The next day, it started raining. In a desert in Tunisia. A place that, on average, gets about 0.6 inches of rainfall
annually, if they're lucky.
Now, Lucas sat hunched over inside, staring out the window as the rain churned the sands into soup and the earth and sky blurred together in a mass of gray. Word from the construction crew over in Tozeur hadn't been good, and a process that was supposed to take six weeks to make the desert over there ideal for his vision of the film was going to take another two thanks to this downpour.

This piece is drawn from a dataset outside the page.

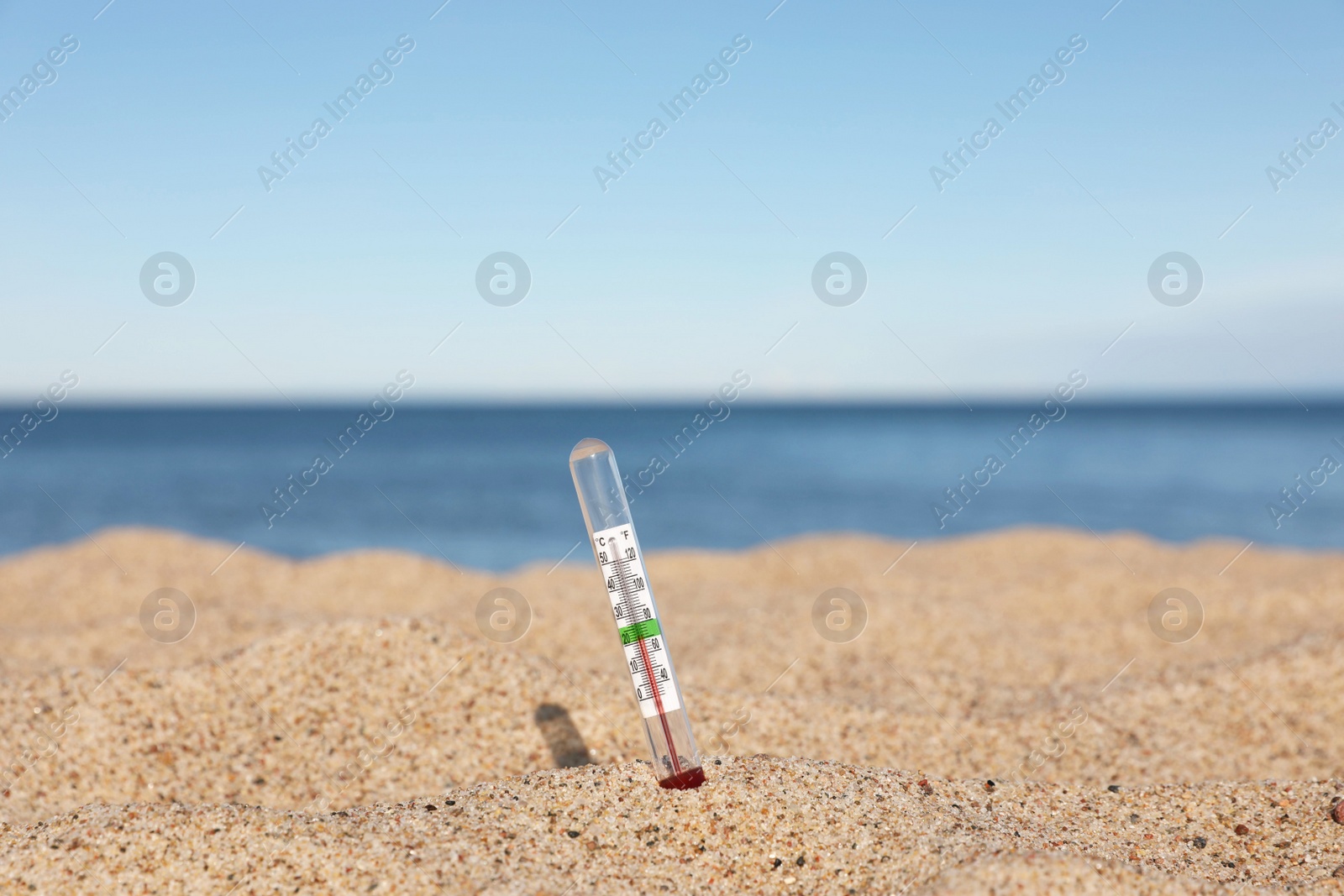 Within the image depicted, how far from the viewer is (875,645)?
6.42 m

"Oh, I should've just kept Tatooine a jungle planet..." sighed Lucas, head in his hands.
The movie was turning out to be impossible to shoot in the same vein as
Jaws and their mechanical sharks. But where Spielberg had to suffer through most of shooting with Bruce, Lucas just kept on telling himself that these desert scenes would be over soon, and they could then head back over to LA and shoot the indoor stuff on a nice, air-conditioned soundstage where problems could be fixed in an instant.
"Mister Lucas...?" called a voice.
George Lucas spun around. "Yeah?"
"Uh, the rain's stopping. We were wondering if we should start getting ready to film now or--"
Lucas looked back out the window, and saw the blazing African sun emerging from the thick cover of gray clouds. "Yes! Go! We need to get more shots before monsoon season starts again!"
The other man ran out of the room, and George Lucas smiled. Things were looking up for sure.